┌─ RECORDS

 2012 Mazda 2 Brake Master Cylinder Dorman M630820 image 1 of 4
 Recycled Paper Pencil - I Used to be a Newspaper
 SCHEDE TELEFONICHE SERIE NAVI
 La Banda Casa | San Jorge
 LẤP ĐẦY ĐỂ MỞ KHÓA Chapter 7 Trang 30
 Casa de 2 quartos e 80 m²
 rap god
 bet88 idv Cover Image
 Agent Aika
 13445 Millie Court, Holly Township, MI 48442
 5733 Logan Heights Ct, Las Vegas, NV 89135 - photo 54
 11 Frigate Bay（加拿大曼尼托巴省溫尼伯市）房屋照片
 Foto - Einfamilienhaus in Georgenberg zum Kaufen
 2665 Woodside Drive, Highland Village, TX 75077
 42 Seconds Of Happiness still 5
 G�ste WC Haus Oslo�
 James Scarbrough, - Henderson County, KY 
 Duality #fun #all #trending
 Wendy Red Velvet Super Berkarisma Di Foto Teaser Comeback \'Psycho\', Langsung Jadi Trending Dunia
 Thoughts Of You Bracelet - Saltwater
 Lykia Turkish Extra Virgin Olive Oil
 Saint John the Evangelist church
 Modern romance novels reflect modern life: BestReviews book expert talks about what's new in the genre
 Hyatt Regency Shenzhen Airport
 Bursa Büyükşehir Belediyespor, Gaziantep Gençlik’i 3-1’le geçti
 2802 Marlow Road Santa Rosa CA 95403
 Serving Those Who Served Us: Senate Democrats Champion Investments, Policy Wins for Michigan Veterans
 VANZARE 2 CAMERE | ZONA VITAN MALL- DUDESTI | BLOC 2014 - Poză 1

└─

§ YOUR GOAL
What is needed here is one number: how many lines of the entries hold the string "Foto".

§ RESPONSE TO THE TASK
2